Não pensem, porém, que este caso é isolado, na verdade, ele é parte de um PROJETO, uma guerra contra todos nós.  O mesmo The Intercept fez uma matéria sobre uma mulher, no estado de Alagoas, teve seu direito de interromper a gravidez por risco de vida negado, porque mesmo reconhecendo a grave perigo de morte da mãe, o juiz preferiu apostar no feto.  A incubadora defeituosa deve ser capaz de aguentar o tranco e, bem, se ela quebrar no processo, mesmo se o feto for perdido, valeu a aposta. É um jogo no qual as mulheres nunca ganham.  E eu não comentei, ia fazer o post, mas não fiz, o mesmo The Intercept publicou matéria sobre um documento  produzido pela Secretaria de Atenção Primária à Saúde, dirigida pelo mesmo Raphael Câmara, o médico da caderneta da gestante cheia de erros e justificando a violência obstétrica, apontando para um futuro interesse do governo em acionar judicialmente mulheres que fizessem aborto legal em caso de estupro, obrigando-as a provar que sofreram a violência.  Sim.  Deem mais quatro anos para esse pessoal, ou votem errado para o Congresso e vejam no que vai dar. 

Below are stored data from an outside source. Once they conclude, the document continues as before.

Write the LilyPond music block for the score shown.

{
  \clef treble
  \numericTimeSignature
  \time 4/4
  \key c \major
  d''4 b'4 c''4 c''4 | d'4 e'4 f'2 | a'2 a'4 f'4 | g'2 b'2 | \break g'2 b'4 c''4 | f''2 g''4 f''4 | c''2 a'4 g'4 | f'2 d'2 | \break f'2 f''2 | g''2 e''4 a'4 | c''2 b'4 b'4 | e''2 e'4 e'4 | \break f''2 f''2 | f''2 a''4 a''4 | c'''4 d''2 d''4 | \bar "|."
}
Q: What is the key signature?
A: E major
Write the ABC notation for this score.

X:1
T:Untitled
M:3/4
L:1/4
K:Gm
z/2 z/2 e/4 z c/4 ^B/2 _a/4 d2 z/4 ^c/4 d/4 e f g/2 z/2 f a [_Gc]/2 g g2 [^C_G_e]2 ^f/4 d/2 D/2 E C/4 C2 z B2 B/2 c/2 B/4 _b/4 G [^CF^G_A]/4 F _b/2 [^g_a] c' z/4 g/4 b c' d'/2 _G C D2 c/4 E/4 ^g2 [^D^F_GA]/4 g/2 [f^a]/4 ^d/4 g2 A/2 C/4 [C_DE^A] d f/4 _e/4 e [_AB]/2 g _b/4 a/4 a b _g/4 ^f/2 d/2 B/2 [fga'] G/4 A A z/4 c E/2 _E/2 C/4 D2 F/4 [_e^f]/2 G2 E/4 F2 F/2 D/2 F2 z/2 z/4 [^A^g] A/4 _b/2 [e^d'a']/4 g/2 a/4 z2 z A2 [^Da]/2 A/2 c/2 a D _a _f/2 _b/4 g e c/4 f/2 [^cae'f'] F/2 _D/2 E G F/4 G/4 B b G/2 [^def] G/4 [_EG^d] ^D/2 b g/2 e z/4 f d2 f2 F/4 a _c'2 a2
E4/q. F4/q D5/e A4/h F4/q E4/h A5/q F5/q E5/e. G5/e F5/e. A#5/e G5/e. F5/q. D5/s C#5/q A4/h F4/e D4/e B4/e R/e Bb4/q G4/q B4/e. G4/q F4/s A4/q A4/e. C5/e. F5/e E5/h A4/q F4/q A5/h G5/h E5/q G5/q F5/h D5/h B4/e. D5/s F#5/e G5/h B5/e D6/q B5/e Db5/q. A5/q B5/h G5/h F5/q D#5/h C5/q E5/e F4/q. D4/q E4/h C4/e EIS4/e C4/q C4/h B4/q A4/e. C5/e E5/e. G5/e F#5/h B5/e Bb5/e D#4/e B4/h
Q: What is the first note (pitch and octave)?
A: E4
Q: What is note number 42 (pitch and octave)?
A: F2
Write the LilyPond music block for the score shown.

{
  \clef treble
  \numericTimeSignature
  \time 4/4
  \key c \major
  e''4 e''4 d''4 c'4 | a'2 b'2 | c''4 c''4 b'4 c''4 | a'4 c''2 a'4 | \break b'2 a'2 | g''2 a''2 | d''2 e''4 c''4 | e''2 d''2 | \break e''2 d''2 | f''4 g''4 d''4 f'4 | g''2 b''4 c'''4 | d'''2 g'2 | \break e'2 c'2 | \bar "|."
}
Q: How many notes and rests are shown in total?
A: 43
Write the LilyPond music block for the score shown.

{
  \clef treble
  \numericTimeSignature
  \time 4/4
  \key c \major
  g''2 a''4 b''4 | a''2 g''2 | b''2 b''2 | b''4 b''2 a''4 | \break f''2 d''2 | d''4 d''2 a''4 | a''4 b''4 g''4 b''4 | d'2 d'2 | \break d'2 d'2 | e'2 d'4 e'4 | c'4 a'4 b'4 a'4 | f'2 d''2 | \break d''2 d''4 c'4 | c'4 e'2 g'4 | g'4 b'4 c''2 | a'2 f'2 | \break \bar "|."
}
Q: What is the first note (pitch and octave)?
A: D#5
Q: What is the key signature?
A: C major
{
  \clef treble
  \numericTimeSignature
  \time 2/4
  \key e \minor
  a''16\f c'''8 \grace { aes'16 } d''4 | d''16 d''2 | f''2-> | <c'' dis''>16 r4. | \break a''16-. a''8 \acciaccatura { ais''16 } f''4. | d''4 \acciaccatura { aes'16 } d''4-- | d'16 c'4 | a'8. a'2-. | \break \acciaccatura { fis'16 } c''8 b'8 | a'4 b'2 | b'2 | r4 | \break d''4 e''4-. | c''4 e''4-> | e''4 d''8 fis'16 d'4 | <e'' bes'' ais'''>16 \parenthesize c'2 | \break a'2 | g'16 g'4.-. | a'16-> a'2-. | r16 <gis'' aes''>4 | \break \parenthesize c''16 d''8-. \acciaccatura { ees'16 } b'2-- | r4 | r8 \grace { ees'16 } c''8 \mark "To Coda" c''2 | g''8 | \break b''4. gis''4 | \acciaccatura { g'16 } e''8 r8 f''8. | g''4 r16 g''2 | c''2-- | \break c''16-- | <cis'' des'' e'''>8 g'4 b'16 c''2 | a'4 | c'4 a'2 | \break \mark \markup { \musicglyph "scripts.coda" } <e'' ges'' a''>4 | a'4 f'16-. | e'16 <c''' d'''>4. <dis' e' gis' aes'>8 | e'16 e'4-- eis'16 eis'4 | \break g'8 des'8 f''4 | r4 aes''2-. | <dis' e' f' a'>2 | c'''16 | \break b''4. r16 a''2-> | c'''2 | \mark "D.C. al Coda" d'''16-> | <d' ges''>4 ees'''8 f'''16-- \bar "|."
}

Este mesmo governo super preocupado com as mulheres que desejam e/ou precisam interromper uma gravidez, é o mesmo que neste momento desmontou o programa Rede Cegonha sem prévia discussão com entidades ligas aos profissionais de saúde, ou a sociedade civil.  A Rede Cegonha,  programa considerado eficiente na assistência ao pré-natal, parto e puerpério, será substituído, segundo o Brasil de Fato, pelo  Rede Materno e Infantil (RAMI), que "(...) dá ênfase à atuação do médico obstetra sem contemplar ações e serviços voltados às crianças e a atuação dos médicos pediatras, além de excluir o profissional enfermeiro obstetra.".  O texto também informa que 8 em cada dez mortes de grávidas por COVID relatadas são do Brasil.  Sim, mas vamos focar na proibição do aborto em todos os casos, tornar a vida de meninas estupradas um inferno ainda maior e descuidar das que querem gestar, parir e cuidar de seus bebês com o suporte devido do Estado. 


Eu tenho uma menina de 8 anos.  Antes dela nascer, eu já olhava qualquer criança ou adolescente como se pudesse ser minha.  Fora isso, o apelo da mãe me toca pessoalmente.  O que eu vejo ali, é a violência contra todas nós.  Eu estou educando a Júlia para saber que a mulher sempre é a vítima em caso de estupro e que uma criança não é capaz de consentir, porque existe lei para protegê-la, enquanto ela ainda está em formação e sem os instrumentos necessários (*biológicos, intelectuais, morais*) para fazer suas escolhas de forma integral e responsabilizar-se por elas.  Minha filha também sabe que ninguém pode ter acesso ao seu corpo sem seu consentimento e que palavras bonitas podem esconder grandes maldades.  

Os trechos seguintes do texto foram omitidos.